Terminology is a great thing, I can use it however I want, and so can everyone else!

are two types similar when they have the same size in bytes? If not, what are similar types?

Roughly speaking, types are similar when they differ by constness or signedness. Size in bytes alone is definitely not sufficient.

is aliasing a specific case of type-punning where types are similar?

Type punning is any technique that circumvents the type system.

Aliasing is a specific case of that which involves placing objects of different types at the same address. Aliasing is generally allowed when types are similar, and forbidden otherwise. In addition, one may access an object of any type through a char (or similar to char) lvalue, but doing the opposite (i.e. accessing an object of type char through a dissimilar type lvalue) is not allowed. This is guaranteed by both C and C++ standards, GCC simply implements what the standards mandate.

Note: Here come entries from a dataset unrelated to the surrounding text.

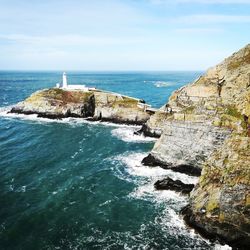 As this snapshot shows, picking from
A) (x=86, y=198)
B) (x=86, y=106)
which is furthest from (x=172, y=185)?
(x=86, y=106)

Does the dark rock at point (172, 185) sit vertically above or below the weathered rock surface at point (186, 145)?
below

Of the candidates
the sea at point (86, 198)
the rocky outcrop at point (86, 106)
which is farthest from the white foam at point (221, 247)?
the rocky outcrop at point (86, 106)

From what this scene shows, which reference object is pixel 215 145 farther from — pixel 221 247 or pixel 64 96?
pixel 64 96

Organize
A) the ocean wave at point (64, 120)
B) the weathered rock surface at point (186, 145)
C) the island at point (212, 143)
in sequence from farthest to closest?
1. the ocean wave at point (64, 120)
2. the weathered rock surface at point (186, 145)
3. the island at point (212, 143)

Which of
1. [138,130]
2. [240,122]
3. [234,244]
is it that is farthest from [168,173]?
[138,130]

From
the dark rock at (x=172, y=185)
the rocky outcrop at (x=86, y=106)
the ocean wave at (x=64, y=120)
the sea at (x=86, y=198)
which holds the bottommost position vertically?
the sea at (x=86, y=198)

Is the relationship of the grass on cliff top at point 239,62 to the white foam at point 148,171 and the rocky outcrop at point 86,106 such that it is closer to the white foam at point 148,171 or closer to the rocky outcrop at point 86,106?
the white foam at point 148,171

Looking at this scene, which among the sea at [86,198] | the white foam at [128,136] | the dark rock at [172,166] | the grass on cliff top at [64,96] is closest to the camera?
the sea at [86,198] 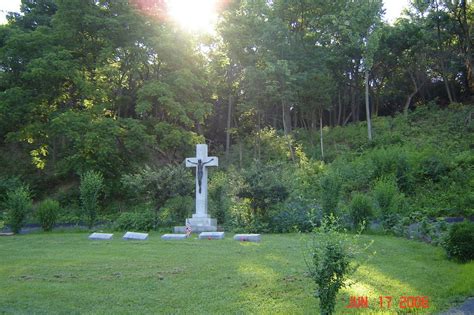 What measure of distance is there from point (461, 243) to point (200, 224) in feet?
28.3

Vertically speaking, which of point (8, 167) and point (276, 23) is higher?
point (276, 23)

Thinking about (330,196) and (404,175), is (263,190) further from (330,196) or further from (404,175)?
(404,175)

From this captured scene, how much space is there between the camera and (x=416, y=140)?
25141mm

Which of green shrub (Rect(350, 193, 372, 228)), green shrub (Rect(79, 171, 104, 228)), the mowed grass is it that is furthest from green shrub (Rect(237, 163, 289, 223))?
green shrub (Rect(79, 171, 104, 228))

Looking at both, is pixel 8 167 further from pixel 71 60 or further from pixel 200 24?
pixel 200 24

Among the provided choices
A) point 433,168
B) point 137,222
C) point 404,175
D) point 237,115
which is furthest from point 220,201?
point 237,115

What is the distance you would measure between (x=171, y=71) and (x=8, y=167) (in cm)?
1219

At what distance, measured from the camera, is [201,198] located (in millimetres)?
15211

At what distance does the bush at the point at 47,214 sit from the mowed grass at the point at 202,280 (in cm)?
581

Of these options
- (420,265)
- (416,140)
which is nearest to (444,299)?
(420,265)

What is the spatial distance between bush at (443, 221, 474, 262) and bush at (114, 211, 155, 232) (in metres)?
9.94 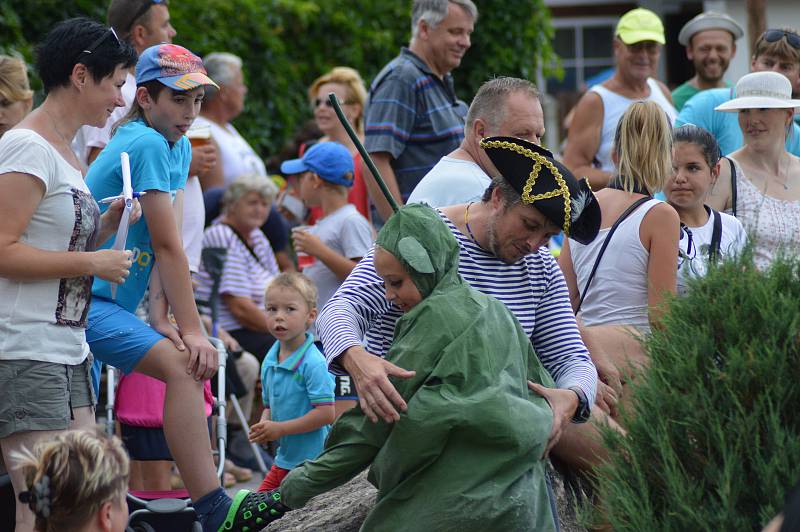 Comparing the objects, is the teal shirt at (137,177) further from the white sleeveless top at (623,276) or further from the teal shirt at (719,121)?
the teal shirt at (719,121)

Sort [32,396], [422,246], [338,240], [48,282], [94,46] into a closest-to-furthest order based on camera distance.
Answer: [422,246]
[32,396]
[48,282]
[94,46]
[338,240]

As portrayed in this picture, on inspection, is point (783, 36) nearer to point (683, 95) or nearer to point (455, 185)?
point (683, 95)

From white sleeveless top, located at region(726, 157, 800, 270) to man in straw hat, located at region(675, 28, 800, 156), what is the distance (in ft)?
2.48

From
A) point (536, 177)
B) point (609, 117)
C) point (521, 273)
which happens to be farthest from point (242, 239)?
point (536, 177)

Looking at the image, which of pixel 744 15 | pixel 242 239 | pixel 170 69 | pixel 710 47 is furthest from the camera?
pixel 744 15

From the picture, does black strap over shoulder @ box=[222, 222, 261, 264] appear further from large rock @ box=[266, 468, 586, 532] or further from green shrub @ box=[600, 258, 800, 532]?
green shrub @ box=[600, 258, 800, 532]

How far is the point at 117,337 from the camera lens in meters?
4.44

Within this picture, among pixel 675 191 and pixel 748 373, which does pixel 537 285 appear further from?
pixel 675 191

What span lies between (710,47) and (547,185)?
14.2 feet

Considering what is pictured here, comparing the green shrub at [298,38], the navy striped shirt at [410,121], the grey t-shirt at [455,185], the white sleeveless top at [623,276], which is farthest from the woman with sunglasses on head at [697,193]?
the green shrub at [298,38]

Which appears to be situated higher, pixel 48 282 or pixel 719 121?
pixel 48 282

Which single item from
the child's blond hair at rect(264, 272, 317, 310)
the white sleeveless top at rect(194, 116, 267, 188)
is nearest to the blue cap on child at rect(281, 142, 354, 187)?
the child's blond hair at rect(264, 272, 317, 310)

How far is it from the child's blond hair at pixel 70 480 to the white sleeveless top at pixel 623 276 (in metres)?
2.43

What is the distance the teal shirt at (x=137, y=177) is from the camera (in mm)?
4492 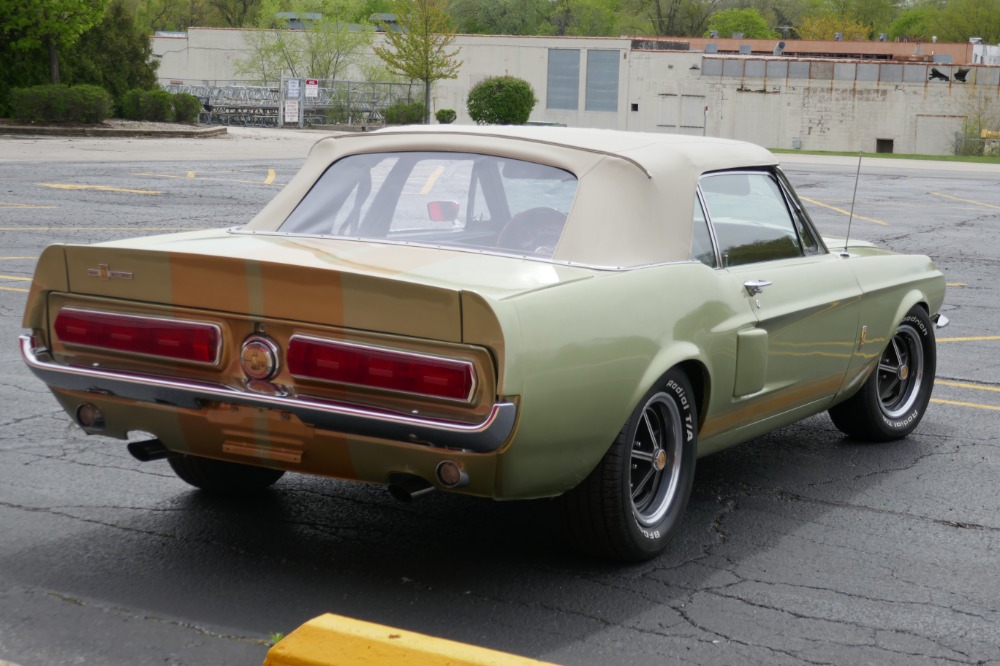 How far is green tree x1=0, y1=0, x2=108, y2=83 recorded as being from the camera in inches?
1293

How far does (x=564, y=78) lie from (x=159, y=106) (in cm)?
4501

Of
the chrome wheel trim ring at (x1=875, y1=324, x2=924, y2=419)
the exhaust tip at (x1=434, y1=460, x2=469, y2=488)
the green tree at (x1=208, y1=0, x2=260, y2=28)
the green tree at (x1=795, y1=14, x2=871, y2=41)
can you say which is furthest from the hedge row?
the green tree at (x1=795, y1=14, x2=871, y2=41)

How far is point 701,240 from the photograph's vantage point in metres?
4.75

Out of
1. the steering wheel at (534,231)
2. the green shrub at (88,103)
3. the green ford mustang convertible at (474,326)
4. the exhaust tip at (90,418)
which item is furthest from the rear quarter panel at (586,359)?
the green shrub at (88,103)

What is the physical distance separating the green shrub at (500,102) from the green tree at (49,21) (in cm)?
1529

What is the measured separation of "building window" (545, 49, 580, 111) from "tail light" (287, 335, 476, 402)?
77.2 meters

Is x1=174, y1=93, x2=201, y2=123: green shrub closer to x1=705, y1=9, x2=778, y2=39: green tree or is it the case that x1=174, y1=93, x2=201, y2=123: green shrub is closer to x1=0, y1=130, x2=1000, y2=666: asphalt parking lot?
x1=0, y1=130, x2=1000, y2=666: asphalt parking lot

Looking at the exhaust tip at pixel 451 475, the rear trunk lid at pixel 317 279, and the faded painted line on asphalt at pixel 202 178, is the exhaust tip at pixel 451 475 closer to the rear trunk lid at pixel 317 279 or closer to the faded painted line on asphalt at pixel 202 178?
the rear trunk lid at pixel 317 279

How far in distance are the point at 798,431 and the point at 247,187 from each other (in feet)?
48.7

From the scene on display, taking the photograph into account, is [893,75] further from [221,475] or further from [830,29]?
[221,475]

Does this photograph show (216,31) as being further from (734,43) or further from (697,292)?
(697,292)

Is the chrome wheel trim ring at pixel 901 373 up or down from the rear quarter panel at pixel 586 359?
down

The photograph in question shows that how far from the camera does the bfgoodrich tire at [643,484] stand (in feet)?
13.3

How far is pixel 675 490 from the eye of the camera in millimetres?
4434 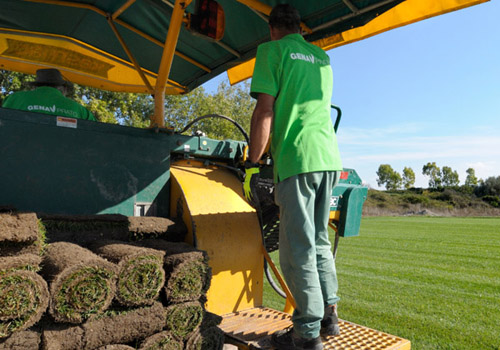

GCC documentation seems to use "type punning" in a narrow sense of reading a union member other than the one last written to. This kind of type punning is allowed by the C standard even when types are not similar. OTOH the C++ standard does not allow this. GCC may or may not extend the permission to C++, the documentation is not clear on this.

Without -fstrict-aliasing, GCC apparently relaxes these requirements, but it isn't clear to what exact extent. Note that -fstrict-aliasing is the default when performing an optimised build.

Bottom line, just program to the standard. If GCC relaxes the requirements of the standard, it isn't significant and isn't worth the trouble.